• [Extracted records]
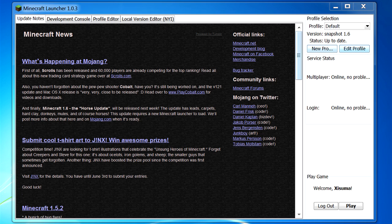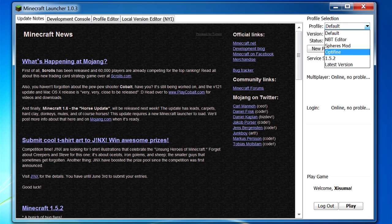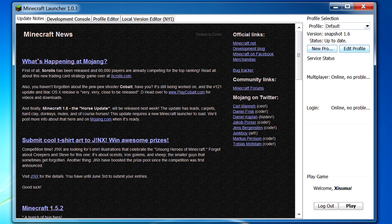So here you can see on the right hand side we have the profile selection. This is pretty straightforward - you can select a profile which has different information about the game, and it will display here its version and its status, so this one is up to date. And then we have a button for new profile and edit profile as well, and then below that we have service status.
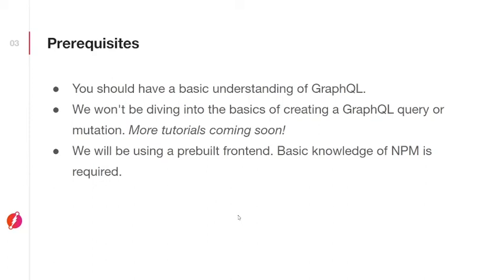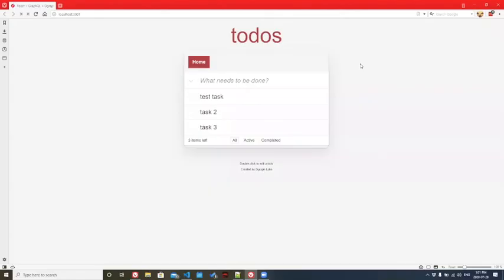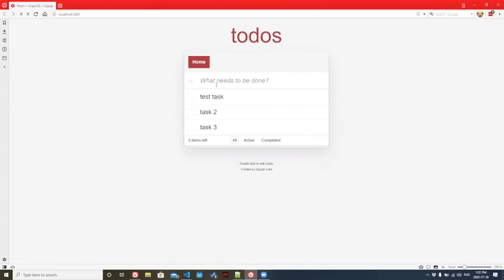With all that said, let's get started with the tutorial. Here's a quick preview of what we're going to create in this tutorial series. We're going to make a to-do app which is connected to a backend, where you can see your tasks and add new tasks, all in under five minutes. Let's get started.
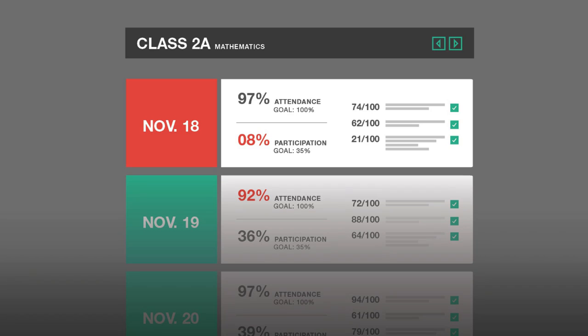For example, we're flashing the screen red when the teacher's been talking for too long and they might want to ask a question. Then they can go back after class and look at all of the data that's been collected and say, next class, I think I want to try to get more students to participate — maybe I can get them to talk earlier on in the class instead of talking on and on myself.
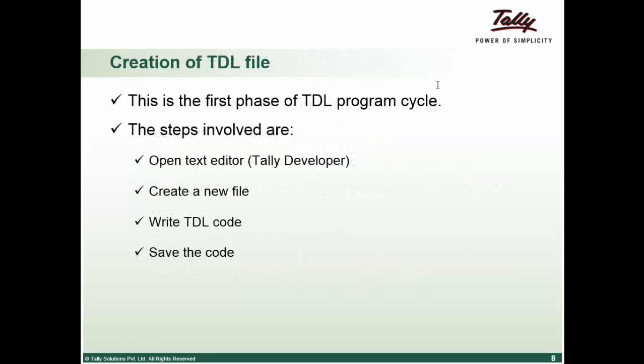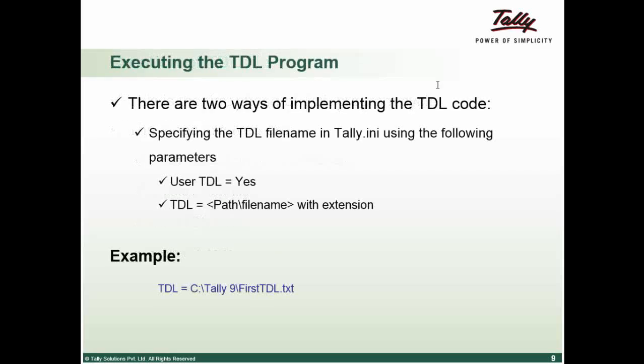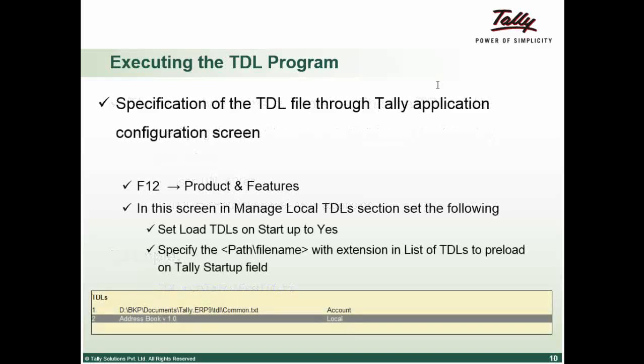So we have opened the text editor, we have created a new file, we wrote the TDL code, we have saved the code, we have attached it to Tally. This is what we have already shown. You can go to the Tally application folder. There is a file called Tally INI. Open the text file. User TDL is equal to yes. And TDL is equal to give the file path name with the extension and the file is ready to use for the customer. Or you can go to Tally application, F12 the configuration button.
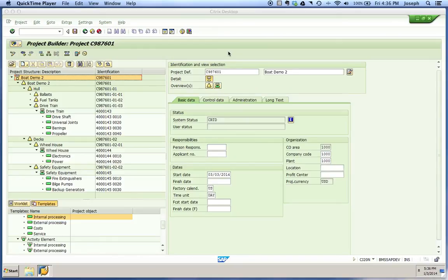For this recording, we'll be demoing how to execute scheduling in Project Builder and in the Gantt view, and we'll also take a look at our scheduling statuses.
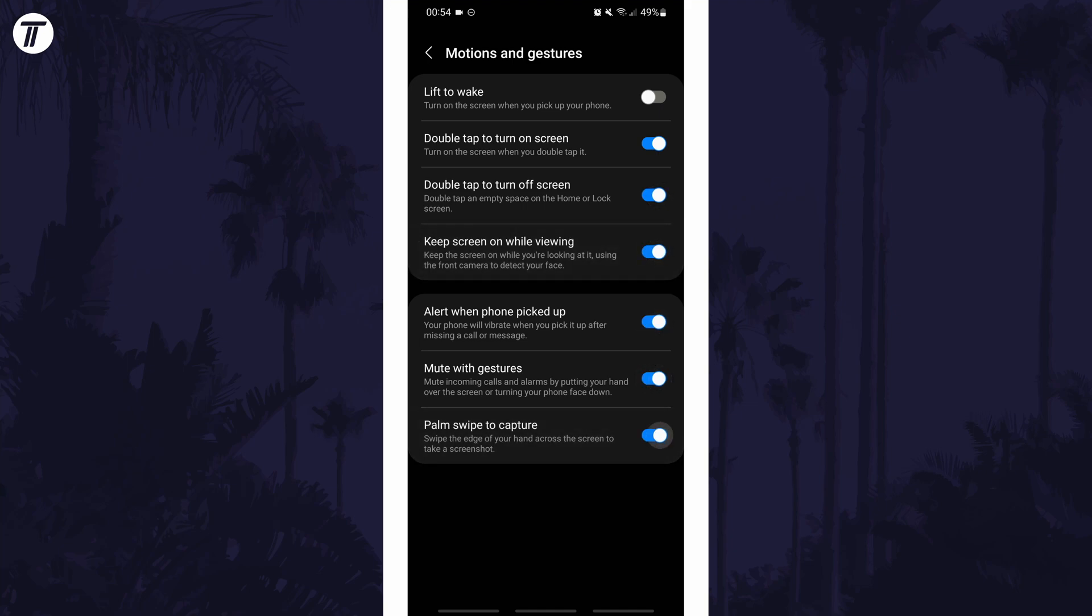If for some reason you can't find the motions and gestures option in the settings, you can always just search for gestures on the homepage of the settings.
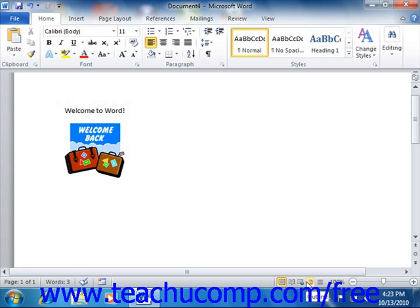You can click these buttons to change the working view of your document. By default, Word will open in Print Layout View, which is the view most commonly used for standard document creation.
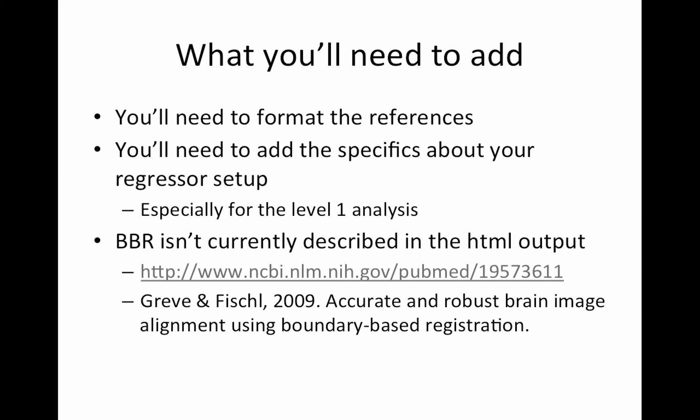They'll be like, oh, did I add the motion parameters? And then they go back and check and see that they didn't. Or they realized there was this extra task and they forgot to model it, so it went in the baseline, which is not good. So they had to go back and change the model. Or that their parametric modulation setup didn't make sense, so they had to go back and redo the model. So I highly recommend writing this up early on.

• [What you are asked to do]
Your task is to set down exactly the lines that run from the line holding "So we have opened" through the close of the entries, including both ends. Pictures stay out.

• [Result below]
So we have opened the text editor, we have created a new file, we wrote the TDL code, we have saved the code, we have attached it to Tally. This is what we have already shown. You can go to the Tally application folder. There is a file called Tally INI. Open the text file. User TDL is equal to yes. And TDL is equal to give the file path name with the extension and the file is ready to use for the customer. Or you can go to Tally application, F12 the configuration button.
For this recording, we'll be demoing how to execute scheduling in Project Builder and in the Gantt view, and we'll also take a look at our scheduling statuses.
If for some reason you can't find the motions and gestures option in the settings, you can always just search for gestures on the homepage of the settings.
You can click these buttons to change the working view of your document. By default, Word will open in Print Layout View, which is the view most commonly used for standard document creation.
They'll be like, oh, did I add the motion parameters? And then they go back and check and see that they didn't. Or they realized there was this extra task and they forgot to model it, so it went in the baseline, which is not good. So they had to go back and change the model. Or that their parametric modulation setup didn't make sense, so they had to go back and redo the model. So I highly recommend writing this up early on.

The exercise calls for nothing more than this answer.